Tonight I went to get my bedtime meds.  I was removing all the lescol from the pill organizer box.  (My cholesterol level is so good that the doctor wants me to try giving up lescol and see what happens.)  I realized that the only pills left were just nexium and benadryl.  I don't know how long it has been since my last dose of cymbalta.  No wonder I'm feeling overwhelmed with sadness.

Once I realized that missing the antidepressant was the problem I stopped struggling to hold back the tears.  It's getting more difficult to just depend on good memories.  In years past when I had trouble sleeping, I would get up and go in the family room.  I'd watch TV or play on the computer for a while.  Most of the time Jim would notice that I was out of bed and he'd come in and keep me company.  That was so sweet.

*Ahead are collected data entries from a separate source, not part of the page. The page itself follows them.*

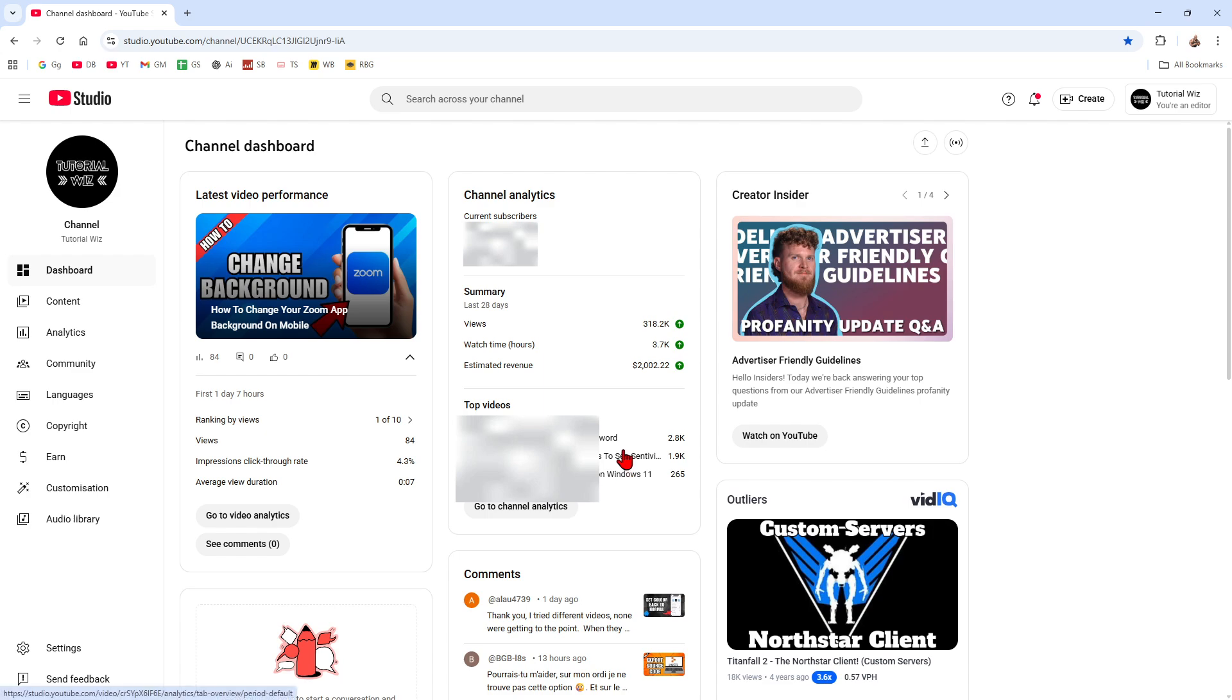Okay, so what is the YouTube new collab feature? It lets you co-author a video or short with up to five creators. Each collaborator's name and subscribe button appear below the video, and the video shows up in the subscription feeds of all collaborators so audiences across channels see it.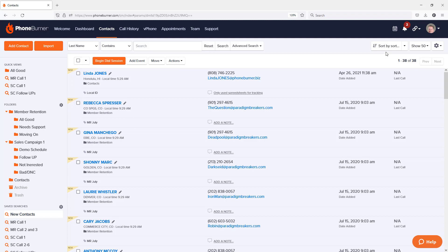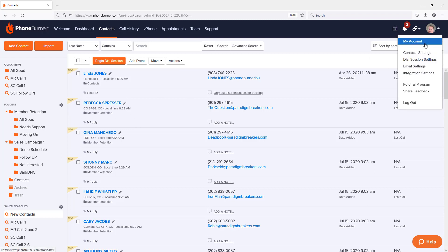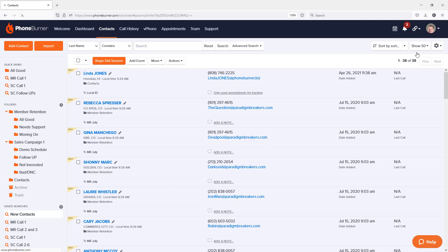In the upper right-hand portion of the page, you're going to click on the settings menu. In the settings menu, you're going to choose contact settings. On the contact settings, over on the left-hand side, you're going to see a lead source option.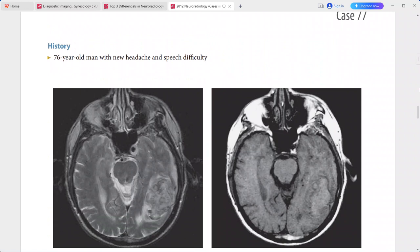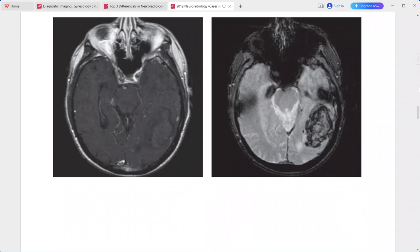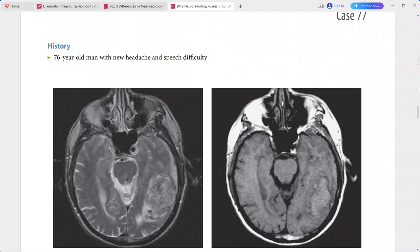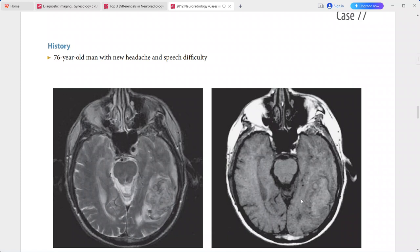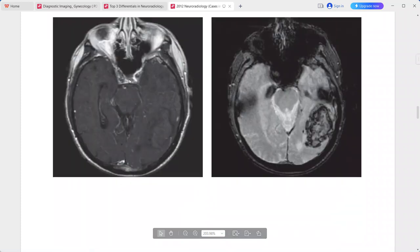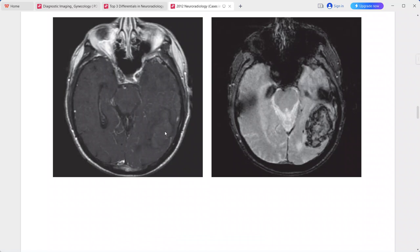Next is a 76-year-old patient presenting with new headache and speech difficulty. There is a lesion in the left posterior temporal lobe with moderate mass effect. The lesion is isointense on T1, hyperintense on T2, and shows no enhancement on post-contrast sequence.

Now I sleep alone.  I'm in the family room alone.  It's not anyone's fault.  Jim can't get out of bed and come be with me.  I went into his room and sat for a while with him.  He was sound asleep.  But I know that was a healthy thing to do.  I feel a bit better.

It is a constant struggle to keep ahead of the depression.  I need all the help that I can get.  I am overwhelmed.  Jim and I have  been living with catastrophe for over 19 months now.  It's really hard.  I know that I am the lucky one. We have both lost so much but at least I'm not physically paralyzed.

Life's a bitch.

It is somehow gratifying to know that other people have felt the hopelessness of depression, too.  There are so many mentions of it in literature.  I'm grateful that I live in a time when there is medical help available.


To the person in the bell jar, blank and stopped, the world itself is a bad dream.  Sylvia Plath




2 comments:

Anonymous said...

Hi my name is YOLI, I am 47 yrs old and I am the primary caregiver for my 74 yr old father who has been Paralyzed (paraplegic ) since 8-01-09. I too struggle with the same sadness as you do. Prior to his accident my husband and 1 son where living happily in our 5 bedroom home. Things are totally stressful now. I understand your pain. I have never written on blog until today. Don't loose faith and remember there is always worse than us. I will post more info later.

Joanne said...

Thanks for commenting on my blog. The stress of caring for a sick loved one is enormous. I am aware that there is pain worse than mine. That thought just makes me sadder--- what will happen next?

The tension at home is driving a wedge between us. It is so, so sad.

Please keep in touch. It helps knowing I am not the only one suffering through this.